[Short web captions]
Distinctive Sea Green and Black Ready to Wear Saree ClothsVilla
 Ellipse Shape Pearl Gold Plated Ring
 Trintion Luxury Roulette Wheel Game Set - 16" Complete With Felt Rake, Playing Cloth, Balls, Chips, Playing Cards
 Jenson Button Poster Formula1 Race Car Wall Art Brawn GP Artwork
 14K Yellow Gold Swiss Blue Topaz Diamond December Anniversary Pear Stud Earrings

* **Task directions**:
All the records above need to be output exactly, with none omitted.

* **Finished exercise**:
Distinctive Sea Green and Black Ready to Wear Saree ClothsVilla
 Ellipse Shape Pearl Gold Plated Ring
 Trintion Luxury Roulette Wheel Game Set - 16" Complete With Felt Rake, Playing Cloth, Balls, Chips, Playing Cards
 Jenson Button Poster Formula1 Race Car Wall Art Brawn GP Artwork
 14K Yellow Gold Swiss Blue Topaz Diamond December Anniversary Pear Stud Earrings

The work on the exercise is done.